The SIU identified former leaders Lucky Montana, Nkosinathi Khena, Collins Letsoalo, Lindikaya Zide, Sibusiso Sithole, and Nkosinathi Sishi as responsible for appointing service providers without competitive bidding, leading to payments totaling R2.8 billion. In October 2022, the unit urged the National Prosecuting Authority (NPA) to pursue criminal charges against five of them for violating the Public Finance Management Act, which criminalizes the failure to prevent irregular expenditure. As reported by TimesLIVE, nearly three years on, no executives have faced consequences, with the NPA yet to act on the recommendations.

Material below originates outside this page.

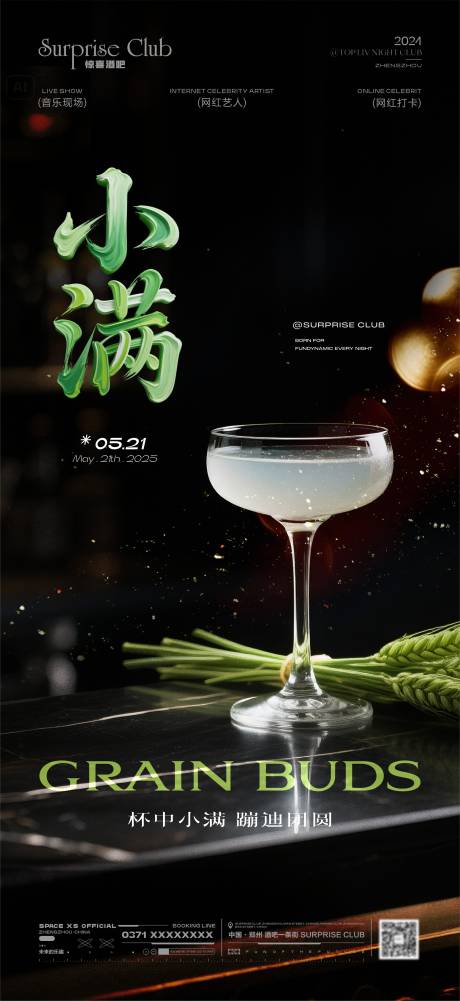 酒吧小满节气海报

Security firms emerged as major recipients, collectively receiving almost R1.6 billion. Royal Security, owned by Durban businessman Roy Moodley, topped the list with R579 million, appointed via a single-source method and repeatedly extended without open tendering. Moodley, known for his ties to former president Jacob Zuma—including payments totaling R1.5 million channeled through the firm, as evidenced at the Zondo Commission—did not respond to queries. Other beneficiaries included Chuma Security Services (R332 million), Sechaba Protection Services (R293 million), Vimtsire Protection Services (R181 million), Moz Gold trading as Ilanga Security Services (R119 million), and Advanced Detachment Security Force (R84.5 million). According to the SIU findings detailed in TimesLIVE, successive chiefs neglected to enforce competitive processes throughout.
Extensions were routinely approved under Montana’s leadership, who served from 2006 to 2015 before being dismissed amid unrelated controversies over incompatible locomotives. A 2015 Public Protector investigation had previously terminated a Royal Security contract for poor performance, yet it was later reinstated and prolonged. Additional irregularities involved Vimtsire billing for undeployed guards and receiving verbal instructions for extra personnel costing R11.3 million without contracts, while Ilanga improperly handled VAT. Vimtsire’s director acknowledged an overpayment and agreed to repayments, though only partially fulfilled by mid-2023. Beyond security, a further R1.2 billion went to various contractors for services like coach repairs, forensic probes, and cable theft prevention—all awarded without tenders. Prasa has also abandoned efforts to recover over R2 billion from the liquidated Swifambo Rail, linked to a R3.5 billion corrupt locomotive deal set aside by courts. As noted in earlier reporting by GroundUp, Swifambo’s European partner profited significantly, exacerbating losses from unusable trains.
Responses from implicated parties varied, with several declining to comment or claiming a lack of access to the report. Former procurement officer Joseph Phungula insisted motivations were business-driven, while others, like Montana, dismissed the inquiry outright. The SIU spokesperson offered no reply by the publication deadline. This scandal compounds Prasa’s woes, with ongoing probes into multibillion-rand signaling tenders and advance payments alleged at R2.7 billion to Maziya General Services, as highlighted in whistleblower reports covered by Moneyweb and GroundUp.
Recent Hawks raids on Prasa offices seized devices from top officials amid R18 billion contract suspicions, underscoring persistent governance failures. Auditor-General reports have flagged escalating irregular expenditure, reaching R3.8 billion in prior years due to supply chain lapses. As detailed in Business Day, these issues trace back to state capture-era mismanagement, hindering rail recovery.
With commuter services still faltering and billions lost, calls mount for swift NPA action and systemic reforms to restore accountability at the embattled agency central to South Africa’s public transport network. The delayed justice in this case exemplifies broader challenges in prosecuting high-level corruption, leaving taxpayers bearing the cost of unchecked malfeasance.